The Great Outdoors
Tuesday 05 November 2024

This is not about outdoor sports or activities like running, biking, canoeing, hiking, football or even brisk walking. Those who do it need little encouragement. Those who don't have other things to occupy them, but should ask themselves a couple of simple questions: When you step outside, what do you notice? And, is the outside just a travelling zone for you to get from A to B?
We can get so busy that it's possible to lose sight of Nature altogether, and our relationship with it. Especially as, for many of us, we live in towns, cities and busy suburbs. But you don't have to be in the country to realise that outdoors, wherever you are, the energy of Nature is all around us. In the Far East, they call it ki. There's an old saying: You can live three months without food, three days without water, three minutes without oxygen, but not even a second without ki
. It's the invisible, unstoppable energy of life that is holding everything together, including us, constantly renewing every second, like a giant pulse. However much we concrete over, sooner or later a weed will poke up between the cracks. However still or static a tree looks, a tremendous energy turned an acorn into an oak, and it stands there now, sustained by that same energy, as a living, breathing organism (as you probably know, plants and trees breathe in carbon dioxide and breathe out oxygen - they provide our very breath of life).

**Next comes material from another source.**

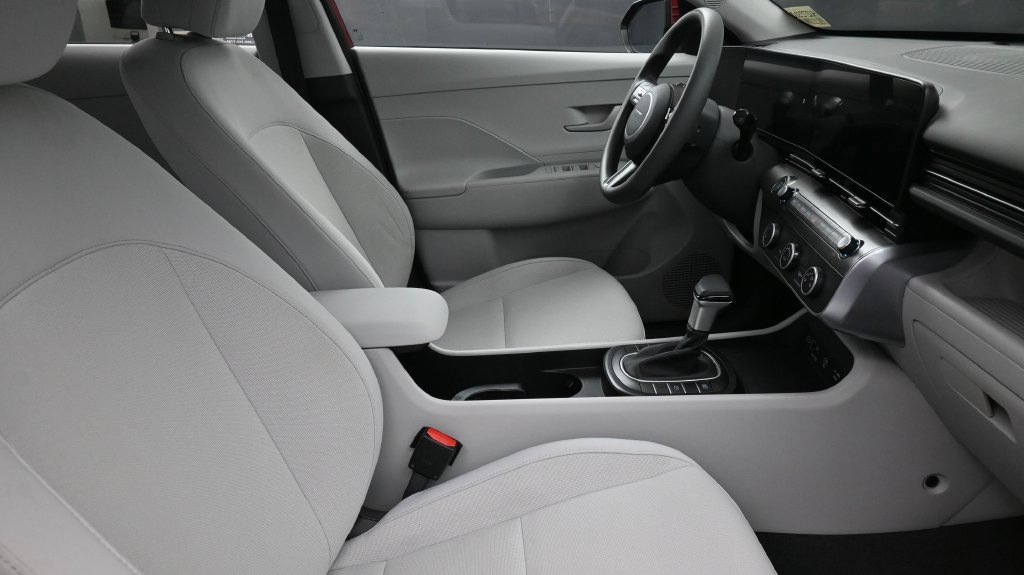 Used 2024 Hyundai Kona SE SUV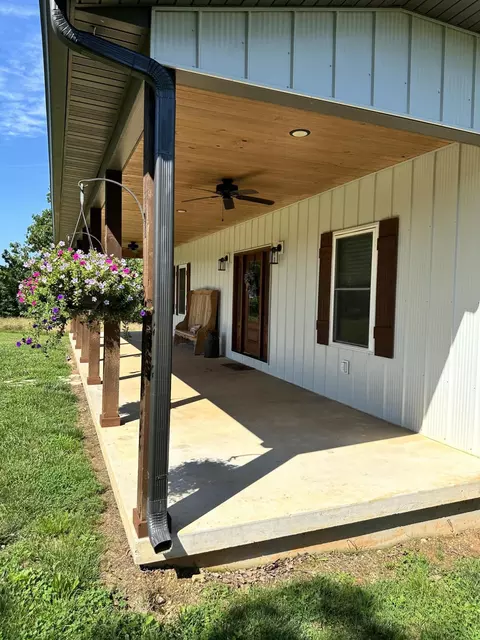 Exterior - 4471 County Road 323, Thayer, MO 65791 photo 9 of 11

Green and blue are the colours of life. Water, sky and vegetation. Greet them and they will greet you. There's plenty of research to show that such a relationship improves your mental acuity, concentration, clarity of thought and creativity. Your immune system gets a boost. Your blood pressure and heart rate can come down. Stress and anxiety can plummet.
Whenever you step outside, breathe in the great energy of your world, your partner for life.